En d'autres temps, j'ai donné des cours dans des instituts supérieurs, des universités ou des grandes entreprises, et j'avais ma méthode propre : réflexion épistémologique (*) et sémantique(**), analyse historique,  perspectives contemporaines et une synthèse un peu plus personnelle. J'étais à peu près sûr de retomber sur mes pieds (sur mon pied, plus exactement).

  • Or à ma grande surprise, j'ai du mal aujourd'hui à appliquer cette bonne vieille méthode. Plus exactement, quand je m'y mets, je développe en labyrinthe des lignes accessoires, j'accumule les données superflues, je me perds dans les considérations méthodologiques... et je constate toujours que quel que soit le schéma utilisé, c'est toujours plus compliqué que prévu.

Est-ce l'effet d'un certain vieillissement ? Peut-être. Ou plutôt un trop plein de données ? C'est vrai, quand je lis des cours que j'ai donnais ou des formations que j'ai animées, je vois surtout ce qui manque et mesure mes candeurs d'alors ! Là maintenant, en essayant d'être exhaustif et schématique, l'inspiration s'épuise, un peu comme s'affadit le goût après un repas trop copieux.

En revanche, quand je me laisse aller à la rêverie et à la poésie, les idées sur ces sujets sérieux viennent en rafales, comme des risées colorées ou des ondes parfumées. Tous les sens sont en éveil et la plume ou le clavier suivent le souffle tel un torrent entraîné par la pente de la montagne.
J'ai toujours aimé la fluidité du réel. Mais cette fluidité est difficile à saisir dans des schémas et des représentations. Lorsque je projetais ou dessinais un plan ou un schéma, je précisais toujours à mes étudiants : "attention danger, un schéma est toujours faux, et parfois mensonger". Le schéma fige la pensée qui est essentiellement mouvante et subtile. En me penchant sur des penseurs pourtant extrêmement rigoureux, je suis émerveillé, par exemple, de la poésie de l'écriture de Hegel, de celle de Bergson, de Jankélevitch, ou même (et je vais en surprendre) de Descartes ! La lecture de ces auteurs fait apparaître des images, des liens, des relations, des dialectiques implacables et austères, mais surtout un quelque chose qui circule à travers... un quelque chose de vivant et d'effervescent.
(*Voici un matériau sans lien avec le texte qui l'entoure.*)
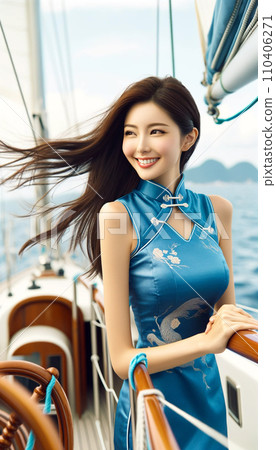【AI美顏】帆船上旗袍美女笑發飄揚 【AI美顏】帆船上旗袍美女笑發飄揚 110406271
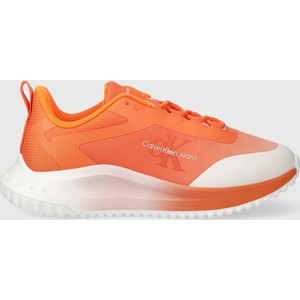 Pomarańczowe buty sportowe Calvin Klein w sportowym stylu z płaską podeszwą sznurowane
Le célèbre principe d'indétermination d'Heisenberg démontrait que dès que l'instant est saisi (géométriquement et quantitativement), la dynamique est perdue... et réciproquement. Et ce qui est vrai au niveau nucléaire (ondes fluides et particules localisées) l'est analogiquement a fortiori des phénomènes apparents plus complexes ; analogie du fleuve agité que l'on photographie. "C'est l'Isère" pourrait-on dire en voyant la photo ! Non, ce n'est pas l'Isère, c'est une photo de l'Isère (***) à Grenoble. Sur la photo, le bouillonnement et les agitations sont réduits dans une géométrie. Aplatis, comme une tomate sous une presse. Le mieux serait de s'y plonger.

  • Ainsi va la pensée. Si elle est figée dans une représentation, dans des images, dans une géométrie, elle s'échappe. Il faut s'y baigner et se laisser emporter par le courant, par les turbulences qui nous retournent et par la vie qu'elles réveillent.

En préparant mes interventions, j'essaie de me laisser porter par la magie de la vie qui se cache derrière la trame étudiée. Je me sens exister sans l'aliénation qui guette tout intellectuel et tout scientifique (impitoyablement analysée par Edgar Morin). Et la pensée vient toute seule...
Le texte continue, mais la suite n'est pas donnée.